Your goal: Begin the copy at the line containing "Outdoor dining - Rural" and end it at the final line of the material below, reproducing each line exactly, without images.

Dataset content:
————

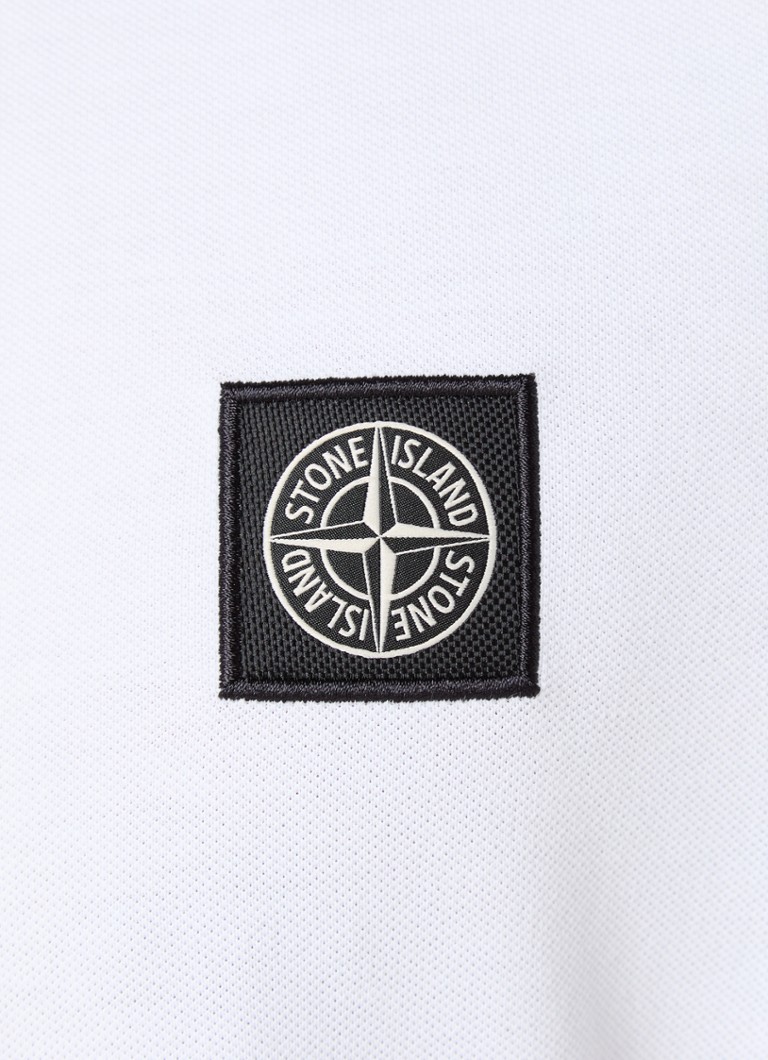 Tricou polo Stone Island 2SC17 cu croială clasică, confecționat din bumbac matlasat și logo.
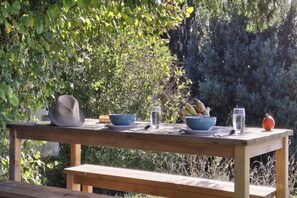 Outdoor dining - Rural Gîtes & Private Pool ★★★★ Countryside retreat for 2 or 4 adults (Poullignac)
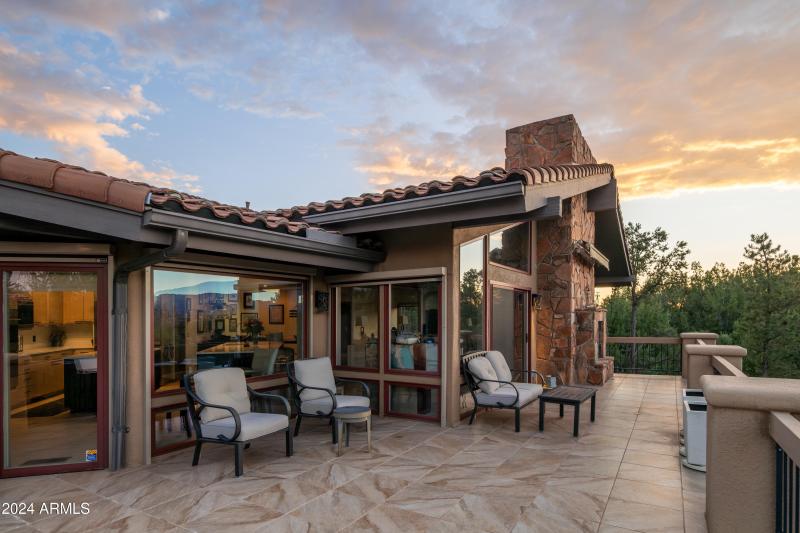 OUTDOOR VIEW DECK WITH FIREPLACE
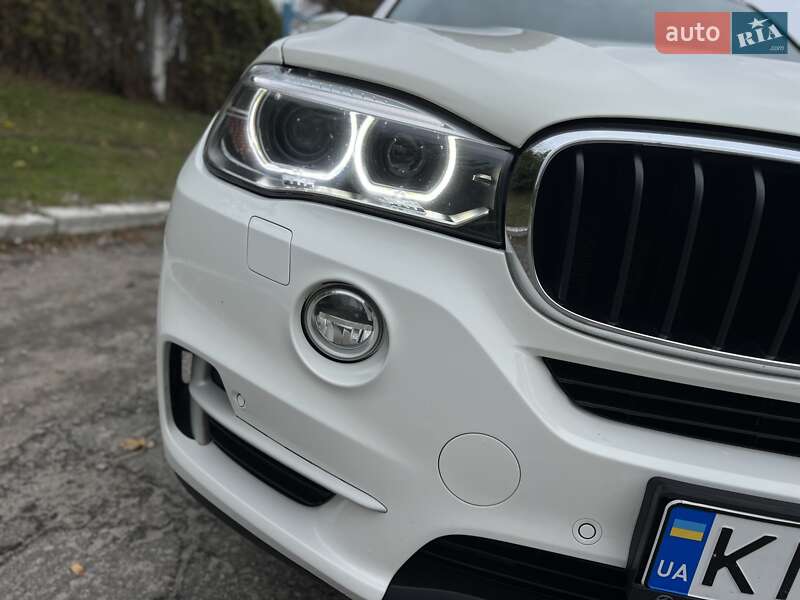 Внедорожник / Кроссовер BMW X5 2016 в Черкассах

————

Result of the task:
 Outdoor dining - Rural Gîtes & Private Pool ★★★★ Countryside retreat for 2 or 4 adults (Poullignac)
 OUTDOOR VIEW DECK WITH FIREPLACE
 Внедорожник / Кроссовер BMW X5 2016 в Черкассах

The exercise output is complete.